Exercise goal =>
Copy out the lines of the records below, and only those lines, from the one with "Шина 225/55R18 Orium Ice SUV 102T шип" through the one with "Used Nikon D6 Digital SLR Camera Body", exactly as they appear.

Stored items from a collection =>

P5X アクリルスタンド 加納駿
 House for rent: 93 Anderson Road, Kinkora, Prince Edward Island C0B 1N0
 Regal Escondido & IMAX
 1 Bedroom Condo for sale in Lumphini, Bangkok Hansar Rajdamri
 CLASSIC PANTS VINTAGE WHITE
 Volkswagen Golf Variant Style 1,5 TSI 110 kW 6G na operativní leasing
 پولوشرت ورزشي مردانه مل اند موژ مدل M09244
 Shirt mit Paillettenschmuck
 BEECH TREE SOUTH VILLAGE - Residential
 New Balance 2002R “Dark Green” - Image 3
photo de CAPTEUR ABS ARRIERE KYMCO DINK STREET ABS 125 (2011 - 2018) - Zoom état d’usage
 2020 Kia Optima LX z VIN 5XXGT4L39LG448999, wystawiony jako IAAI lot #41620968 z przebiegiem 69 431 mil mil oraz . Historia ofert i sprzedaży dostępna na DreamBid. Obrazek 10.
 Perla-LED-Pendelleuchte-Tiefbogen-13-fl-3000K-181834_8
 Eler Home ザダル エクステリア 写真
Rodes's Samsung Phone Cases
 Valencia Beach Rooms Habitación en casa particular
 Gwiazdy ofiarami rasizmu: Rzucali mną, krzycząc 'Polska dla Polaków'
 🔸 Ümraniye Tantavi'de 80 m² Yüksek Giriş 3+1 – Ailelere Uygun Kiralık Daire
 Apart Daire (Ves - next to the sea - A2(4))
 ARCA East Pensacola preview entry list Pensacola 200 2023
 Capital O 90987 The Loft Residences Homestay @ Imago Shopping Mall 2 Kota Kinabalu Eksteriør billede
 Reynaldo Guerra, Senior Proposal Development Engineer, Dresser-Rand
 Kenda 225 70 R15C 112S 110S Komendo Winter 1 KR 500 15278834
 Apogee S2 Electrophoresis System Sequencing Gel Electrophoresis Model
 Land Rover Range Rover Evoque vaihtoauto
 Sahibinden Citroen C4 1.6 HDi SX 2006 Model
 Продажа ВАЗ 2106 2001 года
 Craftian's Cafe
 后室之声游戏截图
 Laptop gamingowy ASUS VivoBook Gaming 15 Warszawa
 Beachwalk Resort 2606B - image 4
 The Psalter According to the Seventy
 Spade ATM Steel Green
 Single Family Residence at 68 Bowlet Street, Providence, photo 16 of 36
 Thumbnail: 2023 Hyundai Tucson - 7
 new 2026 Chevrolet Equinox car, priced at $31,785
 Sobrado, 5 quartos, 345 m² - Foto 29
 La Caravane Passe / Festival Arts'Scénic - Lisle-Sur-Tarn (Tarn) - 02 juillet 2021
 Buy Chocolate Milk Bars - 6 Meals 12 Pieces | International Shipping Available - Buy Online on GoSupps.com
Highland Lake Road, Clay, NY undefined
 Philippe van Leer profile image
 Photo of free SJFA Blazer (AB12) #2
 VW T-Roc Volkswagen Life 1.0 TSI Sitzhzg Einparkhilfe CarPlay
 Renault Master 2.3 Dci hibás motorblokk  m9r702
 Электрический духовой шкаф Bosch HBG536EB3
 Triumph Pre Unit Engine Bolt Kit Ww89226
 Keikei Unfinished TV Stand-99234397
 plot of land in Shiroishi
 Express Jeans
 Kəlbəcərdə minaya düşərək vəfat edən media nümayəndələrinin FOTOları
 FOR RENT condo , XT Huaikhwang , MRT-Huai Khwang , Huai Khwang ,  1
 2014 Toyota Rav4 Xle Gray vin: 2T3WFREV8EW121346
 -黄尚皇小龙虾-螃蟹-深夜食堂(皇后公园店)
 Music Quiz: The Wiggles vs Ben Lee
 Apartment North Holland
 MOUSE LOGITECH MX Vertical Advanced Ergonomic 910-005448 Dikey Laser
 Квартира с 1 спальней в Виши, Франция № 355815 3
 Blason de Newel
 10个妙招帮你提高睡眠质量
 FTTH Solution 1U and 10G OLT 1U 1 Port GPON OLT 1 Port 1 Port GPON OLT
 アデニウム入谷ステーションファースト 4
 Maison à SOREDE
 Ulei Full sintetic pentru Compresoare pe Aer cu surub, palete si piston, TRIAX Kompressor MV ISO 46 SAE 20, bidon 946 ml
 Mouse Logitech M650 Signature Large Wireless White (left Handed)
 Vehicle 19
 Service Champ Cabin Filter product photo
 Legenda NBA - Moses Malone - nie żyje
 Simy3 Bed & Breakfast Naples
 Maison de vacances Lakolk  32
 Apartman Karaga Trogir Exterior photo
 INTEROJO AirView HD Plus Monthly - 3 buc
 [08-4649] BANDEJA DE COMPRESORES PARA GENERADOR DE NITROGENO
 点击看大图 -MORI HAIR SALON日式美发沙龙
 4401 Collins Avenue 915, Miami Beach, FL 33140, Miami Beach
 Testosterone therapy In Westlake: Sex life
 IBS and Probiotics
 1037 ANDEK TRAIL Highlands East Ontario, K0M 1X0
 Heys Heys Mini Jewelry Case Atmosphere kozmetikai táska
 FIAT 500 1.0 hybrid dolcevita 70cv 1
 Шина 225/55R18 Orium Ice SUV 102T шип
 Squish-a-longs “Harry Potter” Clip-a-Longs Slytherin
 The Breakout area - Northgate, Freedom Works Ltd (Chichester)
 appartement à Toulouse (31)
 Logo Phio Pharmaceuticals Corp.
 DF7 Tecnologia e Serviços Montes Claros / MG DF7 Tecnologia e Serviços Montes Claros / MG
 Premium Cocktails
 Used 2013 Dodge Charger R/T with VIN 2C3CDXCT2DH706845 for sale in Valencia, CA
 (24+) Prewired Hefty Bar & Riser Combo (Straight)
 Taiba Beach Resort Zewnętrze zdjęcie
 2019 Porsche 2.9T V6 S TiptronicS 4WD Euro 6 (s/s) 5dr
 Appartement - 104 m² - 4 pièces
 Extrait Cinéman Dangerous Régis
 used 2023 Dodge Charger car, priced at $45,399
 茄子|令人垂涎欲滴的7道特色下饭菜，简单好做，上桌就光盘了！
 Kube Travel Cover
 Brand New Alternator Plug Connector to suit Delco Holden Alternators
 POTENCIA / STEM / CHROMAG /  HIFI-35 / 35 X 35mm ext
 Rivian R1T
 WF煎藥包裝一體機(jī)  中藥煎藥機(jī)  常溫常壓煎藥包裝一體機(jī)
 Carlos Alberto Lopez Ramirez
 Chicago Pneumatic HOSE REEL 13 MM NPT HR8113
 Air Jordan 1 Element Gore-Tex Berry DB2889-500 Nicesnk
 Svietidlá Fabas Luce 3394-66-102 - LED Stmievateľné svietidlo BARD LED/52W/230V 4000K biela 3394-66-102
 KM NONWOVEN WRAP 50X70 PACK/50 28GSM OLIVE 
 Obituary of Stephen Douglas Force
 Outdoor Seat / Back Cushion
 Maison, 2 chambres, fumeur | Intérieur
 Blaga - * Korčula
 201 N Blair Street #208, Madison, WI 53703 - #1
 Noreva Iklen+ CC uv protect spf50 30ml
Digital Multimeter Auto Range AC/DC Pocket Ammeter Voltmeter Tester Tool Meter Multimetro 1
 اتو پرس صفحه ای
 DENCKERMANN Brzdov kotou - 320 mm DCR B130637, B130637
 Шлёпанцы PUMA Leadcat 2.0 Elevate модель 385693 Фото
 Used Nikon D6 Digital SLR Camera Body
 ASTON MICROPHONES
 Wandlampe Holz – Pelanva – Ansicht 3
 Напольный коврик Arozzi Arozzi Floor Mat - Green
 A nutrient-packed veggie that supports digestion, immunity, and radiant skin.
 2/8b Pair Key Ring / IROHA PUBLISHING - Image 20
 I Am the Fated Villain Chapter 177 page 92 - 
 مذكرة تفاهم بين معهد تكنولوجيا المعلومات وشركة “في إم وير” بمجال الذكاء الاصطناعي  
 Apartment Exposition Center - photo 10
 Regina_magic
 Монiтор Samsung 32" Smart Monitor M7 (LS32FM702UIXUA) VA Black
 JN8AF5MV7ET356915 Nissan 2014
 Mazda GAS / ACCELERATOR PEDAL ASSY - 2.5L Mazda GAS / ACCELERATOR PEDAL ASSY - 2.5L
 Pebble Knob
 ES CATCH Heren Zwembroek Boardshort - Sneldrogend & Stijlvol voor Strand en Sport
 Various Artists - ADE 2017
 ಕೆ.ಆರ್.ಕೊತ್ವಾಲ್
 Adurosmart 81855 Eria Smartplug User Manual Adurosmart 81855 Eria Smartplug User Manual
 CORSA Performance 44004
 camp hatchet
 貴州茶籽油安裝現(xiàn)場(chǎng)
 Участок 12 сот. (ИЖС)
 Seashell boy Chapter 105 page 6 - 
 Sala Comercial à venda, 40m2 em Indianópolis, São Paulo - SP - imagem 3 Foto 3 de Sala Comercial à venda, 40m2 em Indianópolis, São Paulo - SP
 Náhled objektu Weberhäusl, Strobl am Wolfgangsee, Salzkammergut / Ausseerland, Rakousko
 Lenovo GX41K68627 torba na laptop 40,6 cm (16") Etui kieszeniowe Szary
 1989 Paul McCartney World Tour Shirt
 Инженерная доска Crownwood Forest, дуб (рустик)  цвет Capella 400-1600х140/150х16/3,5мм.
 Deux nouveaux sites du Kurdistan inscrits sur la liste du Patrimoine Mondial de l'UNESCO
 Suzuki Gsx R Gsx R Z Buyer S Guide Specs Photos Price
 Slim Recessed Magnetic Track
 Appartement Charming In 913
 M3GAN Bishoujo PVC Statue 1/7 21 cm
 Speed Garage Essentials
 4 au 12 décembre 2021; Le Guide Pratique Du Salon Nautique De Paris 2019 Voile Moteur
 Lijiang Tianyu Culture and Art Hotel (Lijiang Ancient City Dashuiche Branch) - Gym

Solved exercise =>
 Шина 225/55R18 Orium Ice SUV 102T шип
 Squish-a-longs “Harry Potter” Clip-a-Longs Slytherin
 The Breakout area - Northgate, Freedom Works Ltd (Chichester)
 appartement à Toulouse (31)
 Logo Phio Pharmaceuticals Corp.
 DF7 Tecnologia e Serviços Montes Claros / MG DF7 Tecnologia e Serviços Montes Claros / MG
 Premium Cocktails
 Used 2013 Dodge Charger R/T with VIN 2C3CDXCT2DH706845 for sale in Valencia, CA
 (24+) Prewired Hefty Bar & Riser Combo (Straight)
 Taiba Beach Resort Zewnętrze zdjęcie
 2019 Porsche 2.9T V6 S TiptronicS 4WD Euro 6 (s/s) 5dr
 Appartement - 104 m² - 4 pièces
 Extrait Cinéman Dangerous Régis
 used 2023 Dodge Charger car, priced at $45,399
 茄子|令人垂涎欲滴的7道特色下饭菜，简单好做，上桌就光盘了！
 Kube Travel Cover
 Brand New Alternator Plug Connector to suit Delco Holden Alternators
 POTENCIA / STEM / CHROMAG /  HIFI-35 / 35 X 35mm ext
 Rivian R1T
 WF煎藥包裝一體機(jī)  中藥煎藥機(jī)  常溫常壓煎藥包裝一體機(jī)
 Carlos Alberto Lopez Ramirez
 Chicago Pneumatic HOSE REEL 13 MM NPT HR8113
 Air Jordan 1 Element Gore-Tex Berry DB2889-500 Nicesnk
 Svietidlá Fabas Luce 3394-66-102 - LED Stmievateľné svietidlo BARD LED/52W/230V 4000K biela 3394-66-102
 KM NONWOVEN WRAP 50X70 PACK/50 28GSM OLIVE 
 Obituary of Stephen Douglas Force
 Outdoor Seat / Back Cushion
 Maison, 2 chambres, fumeur | Intérieur
 Blaga - * Korčula
 201 N Blair Street #208, Madison, WI 53703 - #1
 Noreva Iklen+ CC uv protect spf50 30ml
Digital Multimeter Auto Range AC/DC Pocket Ammeter Voltmeter Tester Tool Meter Multimetro 1
 اتو پرس صفحه ای
 DENCKERMANN Brzdov kotou - 320 mm DCR B130637, B130637
 Шлёпанцы PUMA Leadcat 2.0 Elevate модель 385693 Фото
 Used Nikon D6 Digital SLR Camera Body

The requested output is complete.